For Immediate Release
Landman, director of Georgia Tech's Center for Computational Materials
Science, will receive recognition from the MRS, the world's largest materials
professional society. The medal award
is given to recognize "a specific outstanding recent discovery or
advancement that is expected to have a major impact on the progress of
any materials-related field." Charles M. Lieber of Harvard University
will also be honored with a medal at the ceremony.
Landman's award is for the development and implementation of research
methodologies that use molecular dynamics simulations to predict the often-surprising
behavior that occurs at the nanoscale when surfaces of solid and liquid
materials meet. Landman's research team has examined the effects of friction
and lubrication in these small-scale systems, predicting how such systems
would behave long before they could be fabricated. Over time, most of
their key predictions in this new science of nanotribology have been confirmed
Performed on large parallel-processing computers, the simulations use
known laws of physics - including quantum mechanics - to predict how hundreds
of thousands of molecules or atoms interact and respond to external influences
such as the exertion of a load or the application of shear relative motion
between bodies in contact.
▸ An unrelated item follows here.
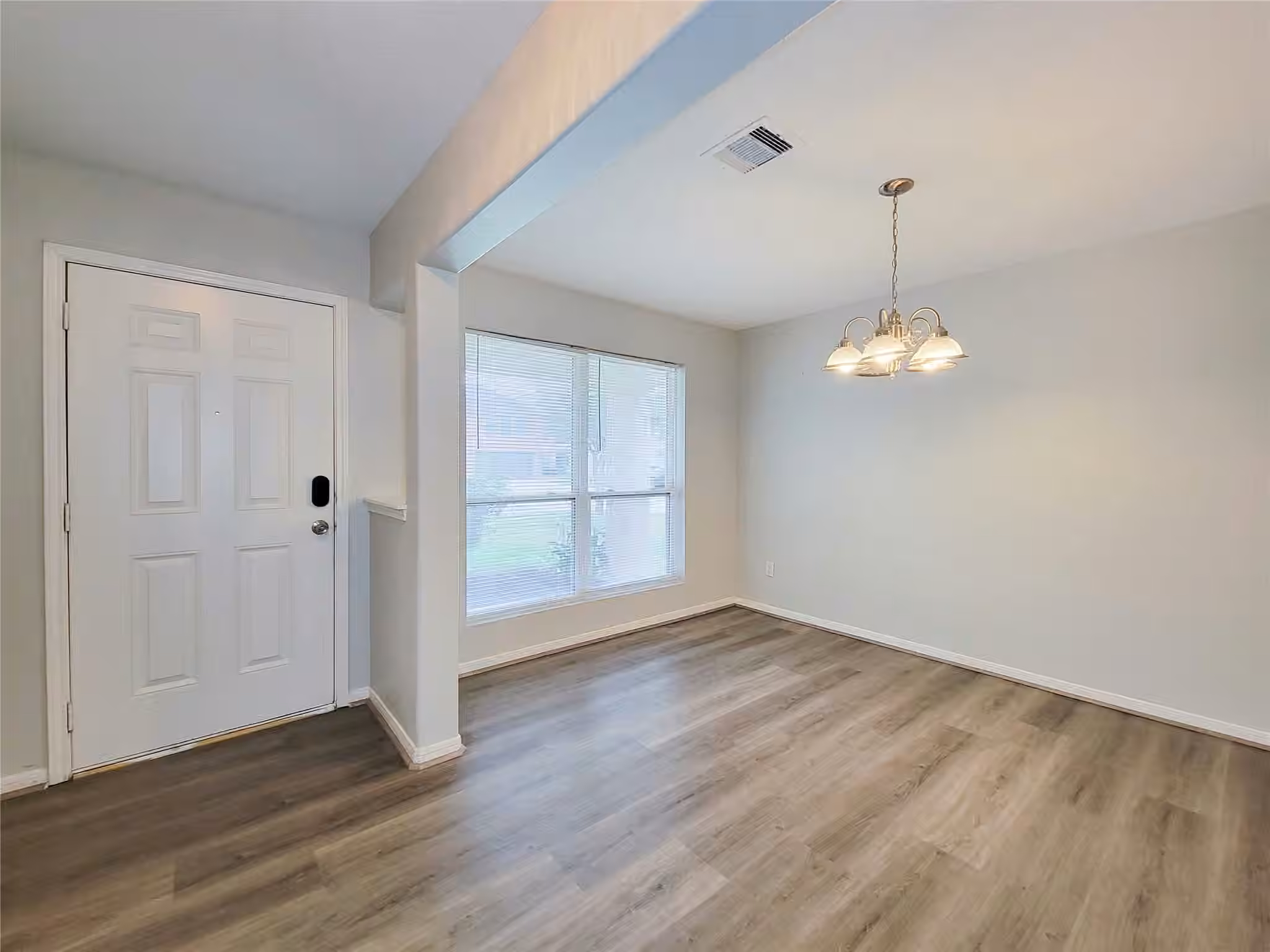 Photo 4 of 3602 Zephyr Glen Way, Houston, TX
The resulting calculations will help engineers
design smaller and smaller disk drives, nanometer-scale machines and even
biomechanical implants used in the body.
A faculty member in Georgia Tech's School
of Physics since 1977 and currently a Regents' and Institute Professor
and Fuller E. Callaway chair, Landman began working on molecular dynamics
simulations in the late 1970s. A 1990 article he published in the journal
Science brought particular attention to the field by "demonstrating
the capacity of realistic molecular dynamics simulations to make specific
predictions that could be compared to quantitative measurements in the
field of tribology," the MRS citation says.
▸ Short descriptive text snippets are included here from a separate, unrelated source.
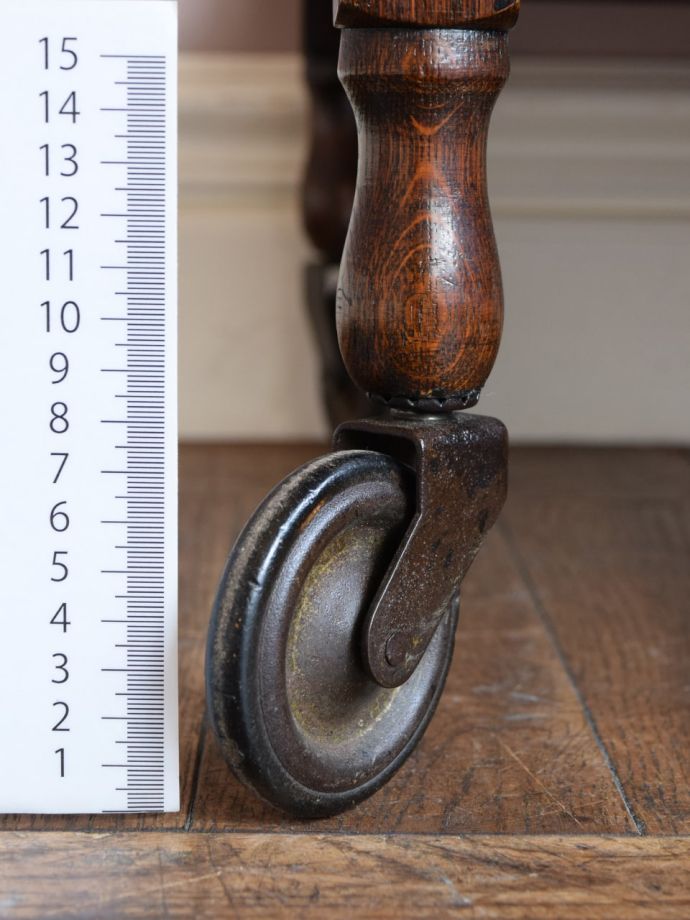 アンティーク家具の脚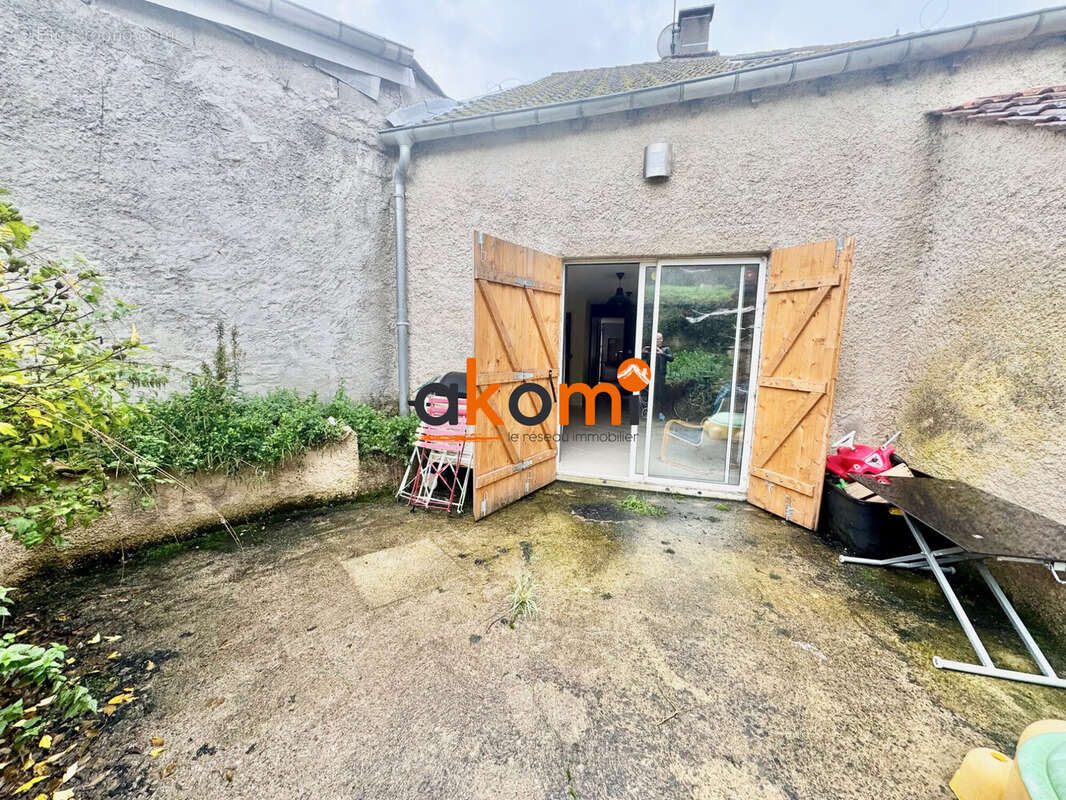 Maison à COLOMBEY-LES-BELLES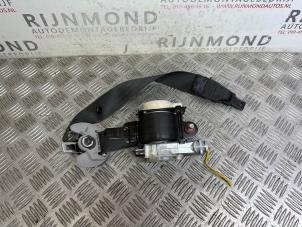 Used Front seatbelt, right Hyundai iX35 (LM) 1.7 CRDi 16V Price on request offered by Autodemontage Rijnmond BV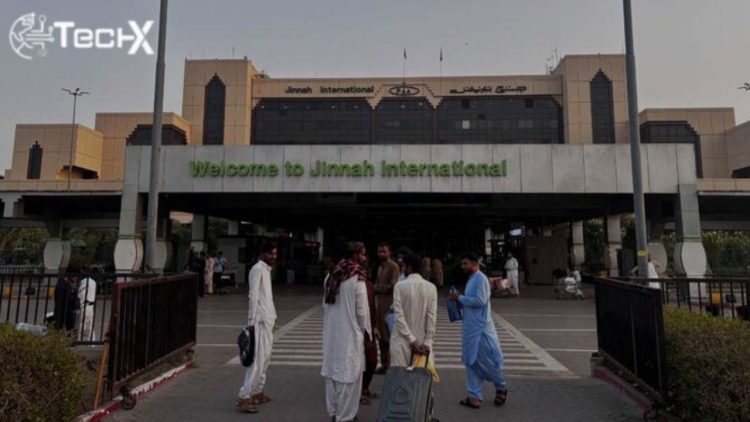 Over 336,999 Pakistanis Moved Abroad in Six Months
"In many respects, Landman helped create the field of nanotribology
as he contributed to both classical and quantum mechanical molecular dynamics
simulation methodologies, leading to an understanding of the atomic origins
underlying nanoscale tribological processes," the MRS added.
The 1990 Science paper used large-scale molecular dynamics simulations
done on large supercomputers to show that when a nickel tip was brought
into close proximity to a sheet of gold, gold atoms would jump from the
sheet to the probe.
"To our amazement, we found the gold atoms jumping to contact the
nickel probe at short distances," Landman recalled. "Then we
did simulations in which we withdrew the tip after contact and found that
a nanometer-sized wire made of gold was created. That gold would deform
in this manner amazed us, because gold is not supposed to do this."
The simulations were done several years before scientists began to make
and measure the properties of wires on that size scale, and prior to the
rise of the nanoscience and nanotechnology field.
These early simulations and subsequent ones showed that nanometer-scale
wires, called interfacial junctions, would be formed whenever bare metal
surfaces, as well as other material surfaces, were brought into close
proximity. Transforming earlier notions in the microscopic domain, the
simulation results suggested that breaking these junctions is the cause
of friction - resistance to motion - in small-scale mechanical devices.
"It is the need to shear these junctions when you move two bodies
parallel to one another that dissipates energy," Landman noted. "Work
is dissipated and irreversibly lost in the process of formation and breakup
of these junctions. That's what causes the resistance to motion."
Landman also showed that lubricant molecules may no longer behave as
lubricants when trapped in very small gaps between surfaces. Instead,
they organize themselves into "soft crystals" that increase
rather than decrease resistance to motion.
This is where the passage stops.